Input data:
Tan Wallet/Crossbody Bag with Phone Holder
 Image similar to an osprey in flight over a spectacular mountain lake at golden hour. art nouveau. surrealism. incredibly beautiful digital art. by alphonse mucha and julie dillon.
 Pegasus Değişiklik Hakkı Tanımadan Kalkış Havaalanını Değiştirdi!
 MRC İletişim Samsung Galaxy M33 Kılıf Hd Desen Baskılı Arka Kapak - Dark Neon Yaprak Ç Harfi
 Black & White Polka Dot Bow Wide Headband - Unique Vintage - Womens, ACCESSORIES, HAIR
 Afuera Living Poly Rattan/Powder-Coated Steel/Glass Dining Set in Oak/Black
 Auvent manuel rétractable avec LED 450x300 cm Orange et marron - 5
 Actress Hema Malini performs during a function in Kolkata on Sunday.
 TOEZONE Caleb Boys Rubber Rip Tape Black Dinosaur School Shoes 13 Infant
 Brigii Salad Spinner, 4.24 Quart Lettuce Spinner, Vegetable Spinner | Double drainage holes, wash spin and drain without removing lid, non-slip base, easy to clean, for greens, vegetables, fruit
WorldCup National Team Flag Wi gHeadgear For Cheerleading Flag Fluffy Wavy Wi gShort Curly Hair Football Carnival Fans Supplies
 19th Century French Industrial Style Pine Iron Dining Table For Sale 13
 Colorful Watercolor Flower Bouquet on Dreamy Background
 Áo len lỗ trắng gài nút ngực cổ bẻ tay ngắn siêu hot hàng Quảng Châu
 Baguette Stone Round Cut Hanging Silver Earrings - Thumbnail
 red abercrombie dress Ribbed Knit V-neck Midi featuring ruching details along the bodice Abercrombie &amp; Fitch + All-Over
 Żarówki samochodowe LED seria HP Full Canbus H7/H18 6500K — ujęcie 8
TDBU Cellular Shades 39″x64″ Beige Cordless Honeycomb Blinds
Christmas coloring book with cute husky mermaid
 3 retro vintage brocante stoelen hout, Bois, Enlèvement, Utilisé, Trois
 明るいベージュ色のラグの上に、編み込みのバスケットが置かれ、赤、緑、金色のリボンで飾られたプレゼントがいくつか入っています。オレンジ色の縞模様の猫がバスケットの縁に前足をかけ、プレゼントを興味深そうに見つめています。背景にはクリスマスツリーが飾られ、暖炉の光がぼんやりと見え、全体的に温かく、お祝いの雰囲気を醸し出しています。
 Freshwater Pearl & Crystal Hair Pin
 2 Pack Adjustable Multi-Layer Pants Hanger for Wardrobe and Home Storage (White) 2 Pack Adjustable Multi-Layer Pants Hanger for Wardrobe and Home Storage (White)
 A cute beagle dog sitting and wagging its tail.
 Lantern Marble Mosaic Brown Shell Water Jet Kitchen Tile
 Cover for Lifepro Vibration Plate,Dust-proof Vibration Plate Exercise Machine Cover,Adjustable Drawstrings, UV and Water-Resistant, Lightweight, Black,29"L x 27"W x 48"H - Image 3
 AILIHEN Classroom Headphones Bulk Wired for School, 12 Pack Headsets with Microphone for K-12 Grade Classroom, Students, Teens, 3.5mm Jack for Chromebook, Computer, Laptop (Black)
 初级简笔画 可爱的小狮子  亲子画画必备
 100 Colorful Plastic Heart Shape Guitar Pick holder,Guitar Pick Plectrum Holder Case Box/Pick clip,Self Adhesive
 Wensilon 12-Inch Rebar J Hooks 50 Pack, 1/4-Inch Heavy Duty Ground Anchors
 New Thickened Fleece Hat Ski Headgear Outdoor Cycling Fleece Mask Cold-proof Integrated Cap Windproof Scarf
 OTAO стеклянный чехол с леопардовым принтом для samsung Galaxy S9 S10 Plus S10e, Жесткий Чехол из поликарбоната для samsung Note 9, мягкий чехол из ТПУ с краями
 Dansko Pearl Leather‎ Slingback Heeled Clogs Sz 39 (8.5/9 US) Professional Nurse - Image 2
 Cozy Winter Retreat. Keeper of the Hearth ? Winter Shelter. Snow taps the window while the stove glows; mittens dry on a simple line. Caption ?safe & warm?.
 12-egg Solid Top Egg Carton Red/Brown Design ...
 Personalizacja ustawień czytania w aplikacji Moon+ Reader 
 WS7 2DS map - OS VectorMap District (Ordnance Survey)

Problem statement: With the line containing "19th Century French" as the last one, please set down exactly the lines of the records above from their very first line, and nothing more.

Response:
Tan Wallet/Crossbody Bag with Phone Holder
 Image similar to an osprey in flight over a spectacular mountain lake at golden hour. art nouveau. surrealism. incredibly beautiful digital art. by alphonse mucha and julie dillon.
 Pegasus Değişiklik Hakkı Tanımadan Kalkış Havaalanını Değiştirdi!
 MRC İletişim Samsung Galaxy M33 Kılıf Hd Desen Baskılı Arka Kapak - Dark Neon Yaprak Ç Harfi
 Black & White Polka Dot Bow Wide Headband - Unique Vintage - Womens, ACCESSORIES, HAIR
 Afuera Living Poly Rattan/Powder-Coated Steel/Glass Dining Set in Oak/Black
 Auvent manuel rétractable avec LED 450x300 cm Orange et marron - 5
 Actress Hema Malini performs during a function in Kolkata on Sunday.
 TOEZONE Caleb Boys Rubber Rip Tape Black Dinosaur School Shoes 13 Infant
 Brigii Salad Spinner, 4.24 Quart Lettuce Spinner, Vegetable Spinner | Double drainage holes, wash spin and drain without removing lid, non-slip base, easy to clean, for greens, vegetables, fruit
WorldCup National Team Flag Wi gHeadgear For Cheerleading Flag Fluffy Wavy Wi gShort Curly Hair Football Carnival Fans Supplies
 19th Century French Industrial Style Pine Iron Dining Table For Sale 13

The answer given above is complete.